Accounts filed by Amazon in the US show that the company’s UK sales were $7.29bn (£4.47bn) in 2013, an increase of 12.6 per cent year on year. However, that is a slowdown from 2012, when revenues grew by 21.1 per cent.
The slowdown was despite total online sales growing by 16 per cent in 2013, up from 14 per cent in 2012, according to figures from IMRG.
The slowdown in revenue growth comes after Amazon came under fire last year over the amount of corporation tax it pays in the UK. Both MPs and consumer groups have called for people to stop shopping at the ecommerce firm over its low tax payments, which came in at £3.2m in 2012 in part because it processes sales from its offices in Luxembourg.

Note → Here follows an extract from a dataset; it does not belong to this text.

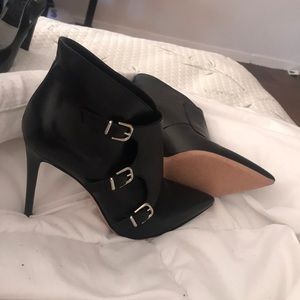 Gorgeous Gianvito Rossi Heels. Condition 9/10.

Figures from YouGov’s Brand Index show a drop in consumer perceptions of Amazon over the past year. The firm’s “Reputation” and “Recommend” scores have both fallen by 7.1 points over the past year, while its “Index” score, a measure of the overall performance of a brand that takes into account metrics including satisfaction, value and quality, fell 4.4 points.
In a recent study by Nunwood, Amazon lost its place as the top brand for customer experience among UK shoppers, pushed into fourth place by John Lewis, QVC and First Direct. At the time, Nunwood’s director David Conway attributed much of Amazon’s drop to the “adverse publicity” it received over its tax arrangements and its negative impact on the brand.
Traditional retailers have also increased competition in the ecommerce space, focusing on improving their online operations and making delivery more convenient through click-and-collect services that make use of their physical stores. John Lewis is making use of its Waitrose stores, while Argos has inked a deal with eBay so people can pick up orders in its stores.
James McGregor, director at retail consultants Retail Remedy, says: “Amazon is in an increasingly competitive space. Other major retailers are wising up to the Amazon model and this will inevitably impact its sales.
“One weakness in the Amazon model, which other major retailers are exploiting, is the click-and-collect proposition. You can click with Amazon but you can’t collect and it’s likely that this is leading some consumers to buy elsewhere.”
Many are also taking the price battle to Amazon. Dixons CEO Sebastian James recently said the firm plans to launch a price comparison app that will let customers scan products in store and show competitors’ prices, including online rivals such as Amazon.
Despite the revenue slowdown and rising competition, Amazon’s sales growth does continue to outpace many of its high street rivals and the ecommerce site has made a number of improvements to its service, including launching Sunday delivery.
“While revenues have been coming down, this growth is no mean feat and something that many retailers in the current climate would give and arm and a leg for.”